Here's what you need to know before you begin.
What WhisperX Actually Is
WhisperX is an open-source Python library that extends the base Whisper model with:
- Faster inference via the
faster-whisperbackend - Word-level timestamps using forced alignment
- Speaker diarization (identifying who said what) via PyAnnote
Because it layers multiple libraries together, the installation is more involved than a typical pip install. Understanding what each component does helps you troubleshoot if something breaks.
Core Prerequisites Before You Install
Before running any install commands, your system needs to meet several requirements. Skipping this step is the most common reason installations fail.
Python Version
WhisperX requires Python 3.8 or higher. Python 3.10 and 3.11 are generally the most stable choices. You can check your version by running:
python --version If you're on an older version, install a newer one via python.org or use a tool like pyenv to manage multiple versions.
CUDA and GPU Support 🖥️
WhisperX is designed to run significantly faster on a CUDA-compatible NVIDIA GPU. If you're running on CPU only, it will still work — but processing will be considerably slower.
| Setup | Speed | Requirements |
|---|---|---|
| NVIDIA GPU (CUDA) | Fast | CUDA Toolkit + cuDNN |
| Apple Silicon (MPS) | Moderate | macOS 12.3+, PyTorch nightly |
| CPU only | Slow | None beyond Python |
If you're using GPU acceleration, install the appropriate version of PyTorch for your CUDA version before installing WhisperX. Visit pytorch.org and use the official selector to get the correct install command.
FFmpeg
WhisperX uses FFmpeg for audio processing. This must be installed at the system level, not via pip.
- Windows: Download from ffmpeg.org and add it to your PATH
- macOS:
brew install ffmpeg - Linux (Debian/Ubuntu):
sudo apt install ffmpeg
Skipping FFmpeg causes audio loading errors that aren't always obvious from the error message.
Installing WhisperX Step by Step
Step 1: Create a Virtual Environment
Isolating your installation in a virtual environment prevents dependency conflicts with other Python projects.
python -m venv whisperx-env source whisperx-env/bin/activate # On Windows: whisperx-envScriptsactivate Step 2: Install PyTorch First
Install PyTorch before WhisperX, using the version matched to your hardware. Example for CUDA 11.8:
pip install torch torchvision torchaudio --index-url https://download.pytorch.org/whl/cu118 For CPU-only systems:
pip install torch torchvision torchaudio Step 3: Install WhisperX
pip install whisperx This pulls in faster-whisper, transformers, and other core dependencies automatically.
Step 4: Set Up Speaker Diarization (Optional)
If you need speaker diarization — the ability to label which speaker said what — you'll need to:
- Create a free account at Hugging Face
- Accept the user agreements for the PyAnnote speaker diarization models
- Generate an access token from your Hugging Face account settings
Without completing this step, diarization will fail with an authentication error. The base transcription and alignment features work without it.

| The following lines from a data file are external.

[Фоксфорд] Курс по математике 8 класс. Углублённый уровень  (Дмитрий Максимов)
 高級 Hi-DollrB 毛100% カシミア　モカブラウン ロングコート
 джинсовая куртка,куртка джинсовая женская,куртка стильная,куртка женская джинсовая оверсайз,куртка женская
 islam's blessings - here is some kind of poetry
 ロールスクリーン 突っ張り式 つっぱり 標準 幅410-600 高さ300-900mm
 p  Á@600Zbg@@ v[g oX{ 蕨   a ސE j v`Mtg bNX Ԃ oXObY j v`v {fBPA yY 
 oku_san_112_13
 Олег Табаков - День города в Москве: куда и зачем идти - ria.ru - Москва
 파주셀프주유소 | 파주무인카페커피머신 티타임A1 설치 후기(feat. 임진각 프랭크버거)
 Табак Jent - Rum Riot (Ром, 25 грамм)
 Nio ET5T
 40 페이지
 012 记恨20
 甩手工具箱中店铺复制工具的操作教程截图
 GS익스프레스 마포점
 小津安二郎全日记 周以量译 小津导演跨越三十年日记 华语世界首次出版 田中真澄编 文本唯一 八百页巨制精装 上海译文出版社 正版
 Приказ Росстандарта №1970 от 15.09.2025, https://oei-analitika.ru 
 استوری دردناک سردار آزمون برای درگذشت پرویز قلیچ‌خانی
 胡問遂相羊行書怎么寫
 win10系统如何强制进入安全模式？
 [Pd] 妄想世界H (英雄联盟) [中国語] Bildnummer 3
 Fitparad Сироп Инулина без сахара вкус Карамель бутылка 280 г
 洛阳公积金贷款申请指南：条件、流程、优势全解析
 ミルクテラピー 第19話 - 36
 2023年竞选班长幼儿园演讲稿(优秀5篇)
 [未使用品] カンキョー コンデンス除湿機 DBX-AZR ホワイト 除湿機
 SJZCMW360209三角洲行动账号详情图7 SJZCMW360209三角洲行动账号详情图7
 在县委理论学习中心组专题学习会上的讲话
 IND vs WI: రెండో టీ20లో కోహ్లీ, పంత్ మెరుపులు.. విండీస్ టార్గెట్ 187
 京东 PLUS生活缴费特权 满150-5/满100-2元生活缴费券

Running WhisperX After Installation 🎙️
Once installed, you can run WhisperX from the command line:
whisperx audio.mp3 --model large-v2 --align_model WAV2VEC2_ASR_LARGE_LV60K_960H --language en Or use it in Python scripts by importing it as a library, which gives you more control over output format, batch size, and compute type.
Common Installation Problems
No module named whisperx — Usually means you installed into the wrong Python environment. Confirm your virtual environment is activated.
CUDA out of memory — Reduce the --batch_size parameter or switch to a smaller model like base or small.
ffmpeg not found — FFmpeg isn't in your system PATH. Reinstall it and verify with ffmpeg -version in your terminal.
PyAnnote authentication errors — You haven't accepted the model terms on Hugging Face, or your token isn't correctly passed as --hf_token.
What Shapes Your Experience
WhisperX behaves differently depending on factors specific to your setup:
- Your GPU's VRAM determines which model sizes you can run without memory errors
- Your audio quality affects transcription accuracy — background noise, overlapping speakers, and low bitrate recordings all introduce errors
- Your operating system and CUDA version affect which PyTorch build you need
- Whether you need diarization adds a meaningful layer of setup complexity and a Hugging Face dependency
The base installation is straightforward for users comfortable with Python environments. The complexity scales up as you add GPU acceleration and diarization — and exactly how that plays out depends on what your machine is running and what your workflow actually requires.